3. Besides the car following the model of C/AV and HV, the lane-changing model should be explained. In addition, the model used in the simulation should be highlighted.
Feedback: Car following model of C/AV and HV as per PTV has been set to Widemann 99. It is mentioned in page 5. In the Table 1 and 2, all the parameters for the car following behaviour has been planned for 3 different behaviours: Aggressive, Normal and Cautious. I have followed a few papers which have similar kinds of presentation:
Makridis, M.; Mattas, K.; Ciuffo, B.; Raposo, M. A.; Toledo, T.; Thiel, C. (2018a): Connected and Automated Vehicles on a freeway scenario. Effect on traffic congestion and network capacity. Vienna, Austria: Proceedings of 7th Transport Research Arena TRA 2018.

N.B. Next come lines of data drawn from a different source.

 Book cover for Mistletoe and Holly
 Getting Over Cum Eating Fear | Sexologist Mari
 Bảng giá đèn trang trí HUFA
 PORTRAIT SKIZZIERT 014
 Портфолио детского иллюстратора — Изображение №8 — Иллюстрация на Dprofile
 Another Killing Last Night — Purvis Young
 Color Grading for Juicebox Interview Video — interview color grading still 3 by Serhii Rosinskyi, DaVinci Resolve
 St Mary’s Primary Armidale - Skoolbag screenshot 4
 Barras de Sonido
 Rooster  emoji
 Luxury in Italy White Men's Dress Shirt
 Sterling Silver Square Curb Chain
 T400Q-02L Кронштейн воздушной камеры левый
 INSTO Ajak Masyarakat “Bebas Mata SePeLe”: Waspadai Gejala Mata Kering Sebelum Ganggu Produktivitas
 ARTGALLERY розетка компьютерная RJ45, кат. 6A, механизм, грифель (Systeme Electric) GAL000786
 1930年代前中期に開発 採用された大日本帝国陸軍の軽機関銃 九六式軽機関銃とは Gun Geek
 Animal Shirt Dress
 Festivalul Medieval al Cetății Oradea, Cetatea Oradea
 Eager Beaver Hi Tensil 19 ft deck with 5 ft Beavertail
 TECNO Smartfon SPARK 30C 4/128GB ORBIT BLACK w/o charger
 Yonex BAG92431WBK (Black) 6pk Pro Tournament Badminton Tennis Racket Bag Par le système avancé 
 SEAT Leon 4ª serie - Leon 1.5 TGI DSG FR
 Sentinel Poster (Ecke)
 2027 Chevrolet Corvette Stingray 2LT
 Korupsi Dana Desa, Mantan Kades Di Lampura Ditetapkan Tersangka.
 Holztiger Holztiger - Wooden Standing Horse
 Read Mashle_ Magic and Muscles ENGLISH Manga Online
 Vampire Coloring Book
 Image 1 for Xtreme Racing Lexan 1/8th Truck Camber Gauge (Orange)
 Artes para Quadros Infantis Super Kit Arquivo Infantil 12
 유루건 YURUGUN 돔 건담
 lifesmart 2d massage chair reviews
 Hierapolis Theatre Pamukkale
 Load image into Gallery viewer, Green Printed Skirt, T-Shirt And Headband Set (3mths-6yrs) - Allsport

Makridis, M.; Mattas, K.; Ciuffo, B.; Raposo, M. A.; Toledo, T.; Thiel, C. (2018b): Connected and Automated Vehicles on a freeway scenario. Effect on traffic congestion and network capacity. Vienna, Austria: Proceedings of 7th Transport Research Arena TRA 2018.
Round 2
Reviewer 1 Report (Previous Reviewer 1)
Comments and Suggestions for AuthorsDear Authors,
SOA means "state of the art".
Please address all the comments of the reviewer.
Author Response
Dear Reviewer,
I have same opinion like the last review. Please have a look. I have prepared the current manuscript as per the instruction of other reviewers and you.
First of all, thank you for the intensive review. I have followed your directions step by step. Please note that all of them are taken into consideration. Please find my answers below:
Inquiry 1
Introduction: „three different human driving patterns“ -> where are these discussed? The reviewer just looked for driving pattern, and the authors did not introduce any of them! Why do the authors address these?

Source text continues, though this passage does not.